Semiconductor Portal

» ブログ » 津田建二の取材手帳

セミコンポータルはメディアです

楽天がTBSの株を増やそうとしている。インターネットと放送との融合などという表現で新聞紙上をにぎわすことが多い。しかし、楽天はインターネットを通して、ショッピングモールを展開している企業であり、銀行経営や証券ビジネスなどの金融業も手がけている。コンテンツを主体的に提供するメディアではない。メディアである放送とショッピングモールや金融の経営とは本来全く違う業種である。決して融合はしない。

メディアは情報提供によって業界内をつなぐ媒体であり、報道機関という言論の自由が守られるべき立場にある。言論の自由に対する他からの圧力は嫌う。もちろん、メディアは他へ圧力をかけてはならない。インターネットバンキングやインターネットによる株の取引など、とは全く違う業種である。放送界は言論の自由をうたった報道機関の一業種である。ただし、報道機関は言論の自由とプライベートとの区別に注意しなければならない。取材と称してプライバシーに踏み込むことは許されない。

メディアは、コンテンツを通して読者と読者、あるいは読者と広告主などが出会う場となる。広告主と読者との出会いの場が紙であれば雑誌になり、インターネットであれば情報発信のサイトとなる。セミナーならリアルの出会いの場となる。半導体業界においていろいろな企業を結び付ける場がセミコンポータルである。ここはメディアであると同時に、取引の種類によってはコミッションビジネスも行う。メディア的な色彩が強いのは、コンテンツ提供という業務が主体だからである。半導体業界の株主十数社が出資した一種のコンソシアムでもある。株主には競争企業同士も含まれるため、かえって中立性が保たれることになる。

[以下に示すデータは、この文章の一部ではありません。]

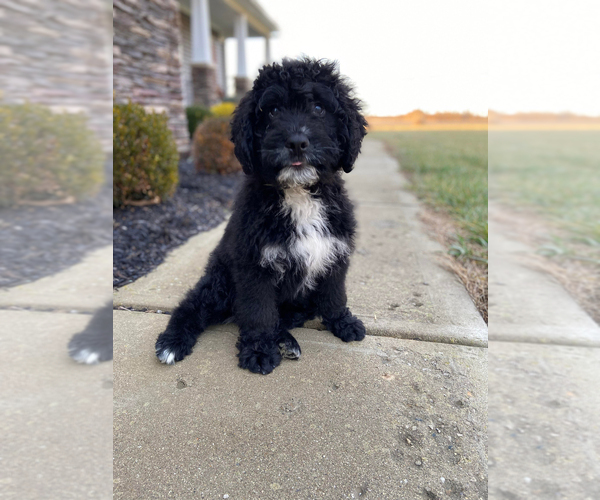 Medium Photo #4 Bernedoodle Puppy For Sale in CONNERSVILLE, IN, USA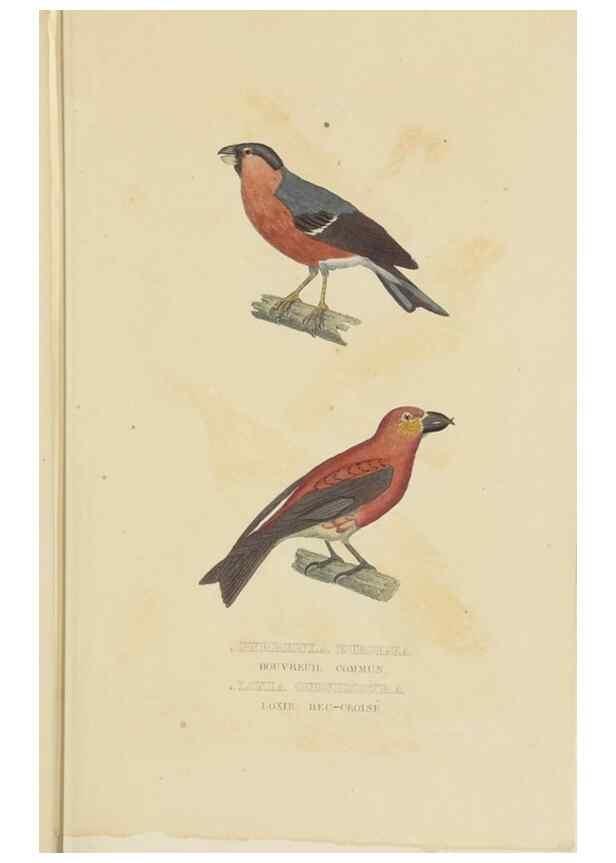 Reproducción/Reproduction 9368402431: Dictionnaire classique des sciences naturelles :. Brussels :Meline, Cans et Ce.,1853.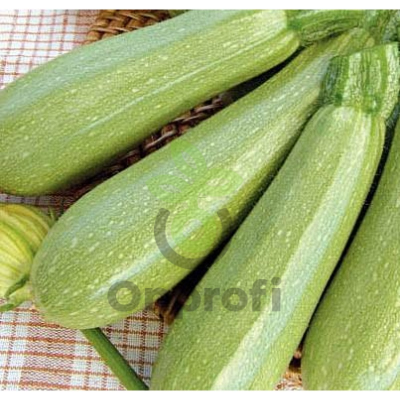 Кабачок Суха F1,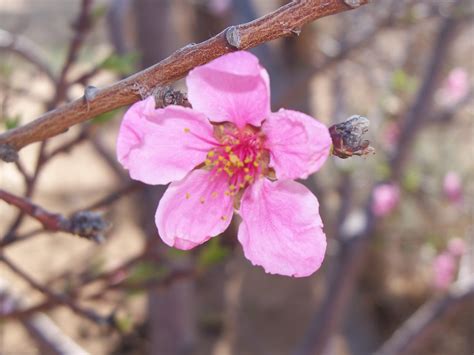 Tumbleweed Crossing: Bradford Pear Tree Blossoms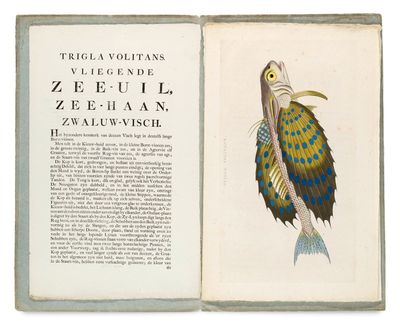 un livre ouvert dont la couverture est ornée d'un dessin représentant un oiseau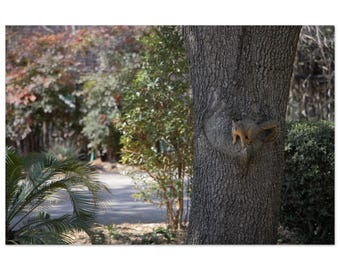 Natural Camouflage by Jonathan King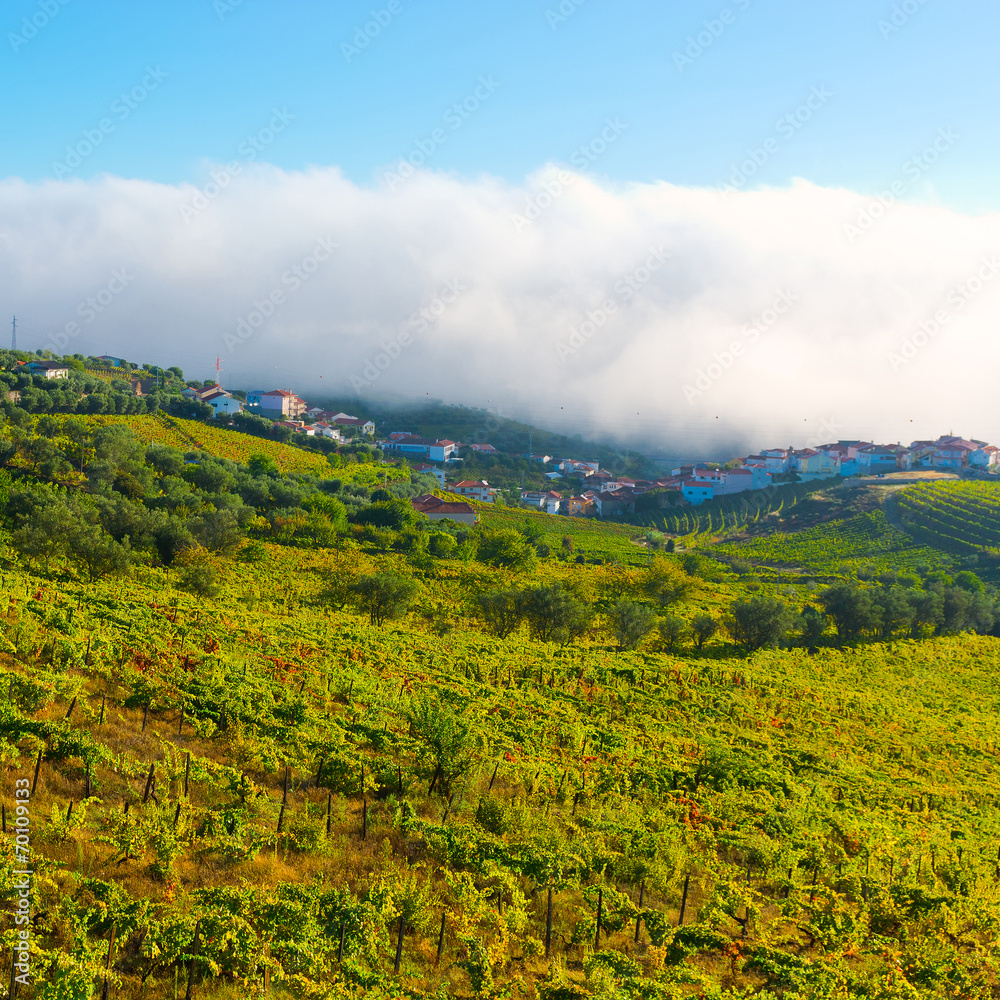 Obraz premium Landscape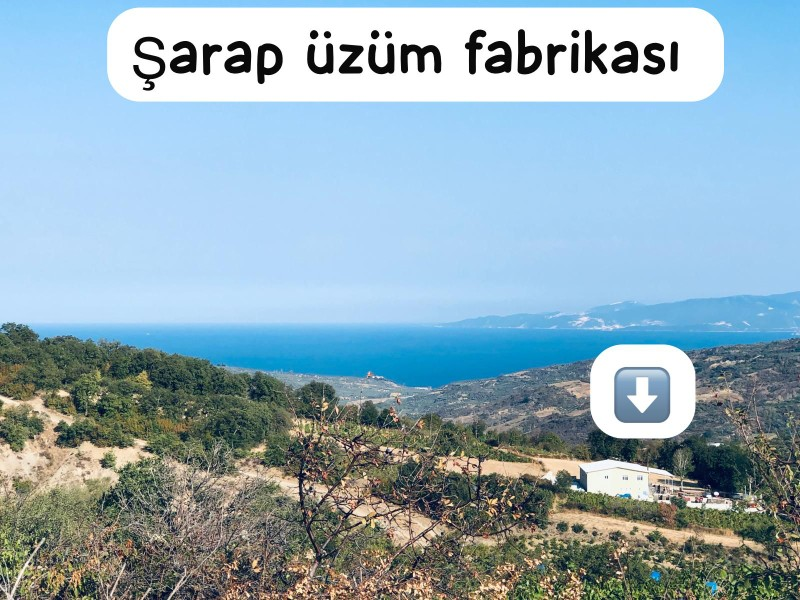 TEKİRDAĞ ŞARKÖY DENİZ VE ADA MANZARALI 5.307M2 İMARLI SATILIK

メディアとしての業務を遂行すると、この中立性が強く求められる。時には株主である半導体産業の欠点を指摘することもある。しかし、株主に対して遠慮して問題を指摘せず放置していると、そのような産業はこの先どうなるか。欠点を指摘されないままだと業務改善もされない。結局、事業としての成長力が低下していくことになりかねない。だから、合理性のある批判は行う。理由は半導体産業のポジティブな発展を願うからだ。

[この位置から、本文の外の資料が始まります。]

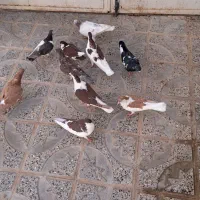 کفتر|پرنده|مشهد, کوی سیدی|دیوار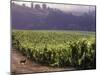 Dog in Knutsen Vineyard, Dundee, Willamette Valley, Oregon, USA-Janis Miglavs-Mounted Photographic Print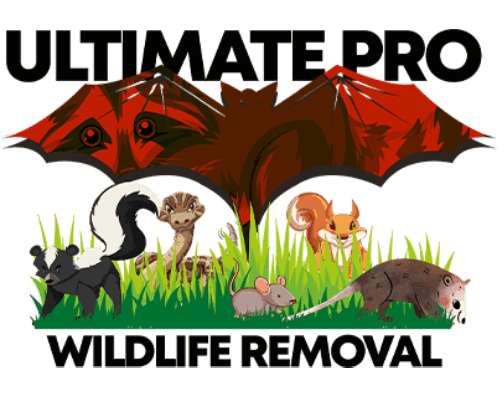 Ultimate Pro Wildlife Removal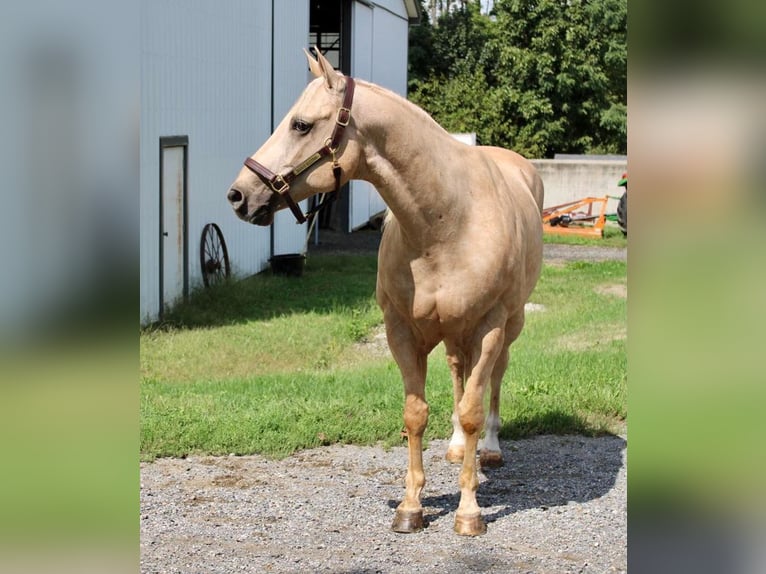 American Quarter Horse Gelding 14 years 15,2 hh Palomino in Allentown, NJ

もちろん、メディアであり、言論の自由を尊重するからこそ、ポジティブな反論がくればそれを掲載したい。6月まで在籍した以前の会社でもブログを書いていたが、寄せられるコメントのうち、掲載しないでほしいという要望や、ポルノサイトへのURLを記したコメント、プライバシーに関する意見などを除き、すべて掲載した。反論が来たら反論を掲載し、サイト上で読者同士の議論を戦わせたかったからである。

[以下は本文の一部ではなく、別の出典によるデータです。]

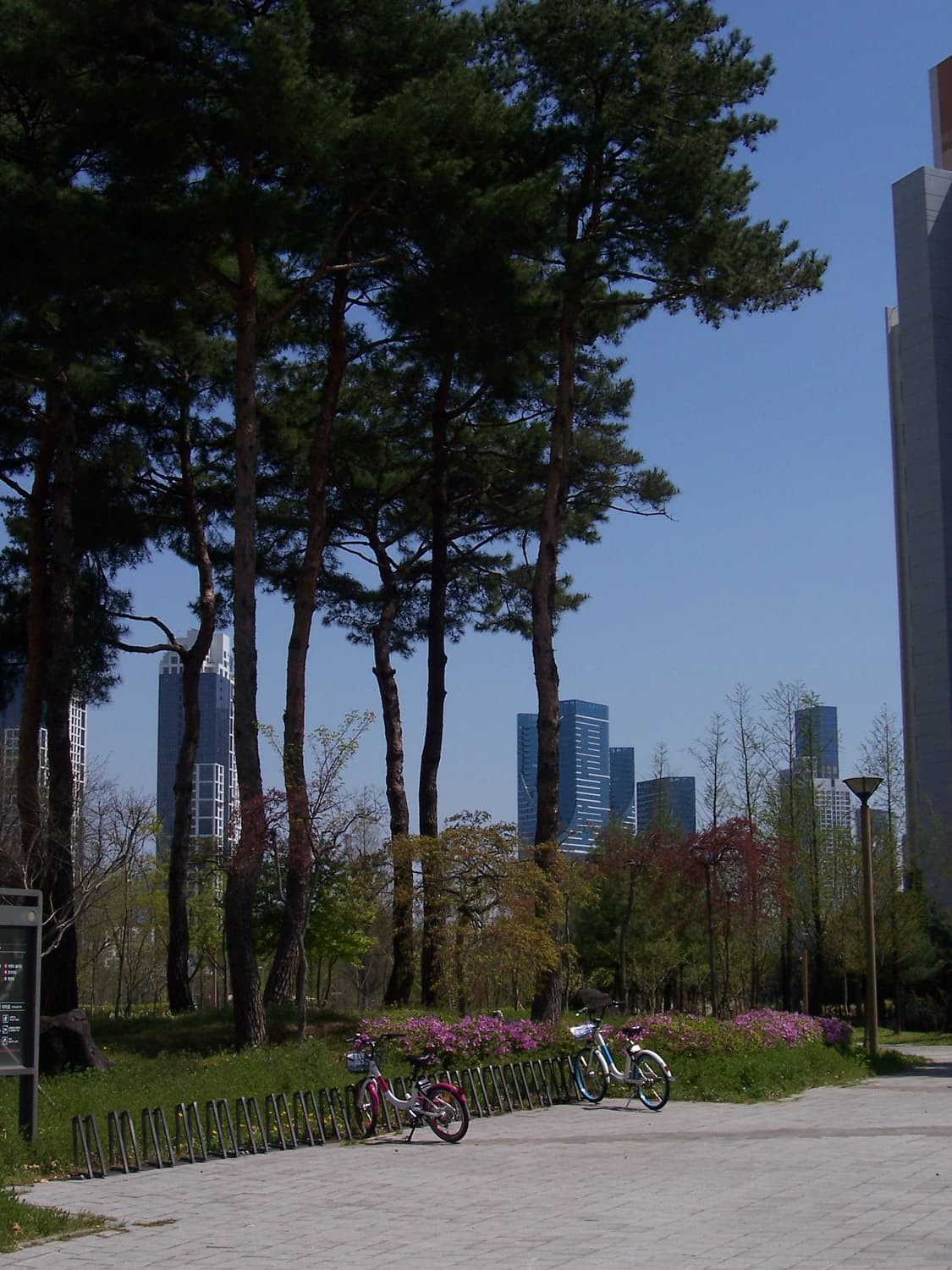 코닥 CX7525 빈티지 디카 상품이미지10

このブログはまだそのような仕組みにはなっていない。しかし、反論や異論を載せられる仕組みを近いうちに作っていきたいと思う。半導体産業の人たちの熱い議論をこの場で交わしていただきたいからだ。このセミコンポータル上で熱くてクールな議論が続くようになれば、議論する当事者たちの産業は発展し続けると信じている。セミコンポータルもメディアとしての役割を全うできる。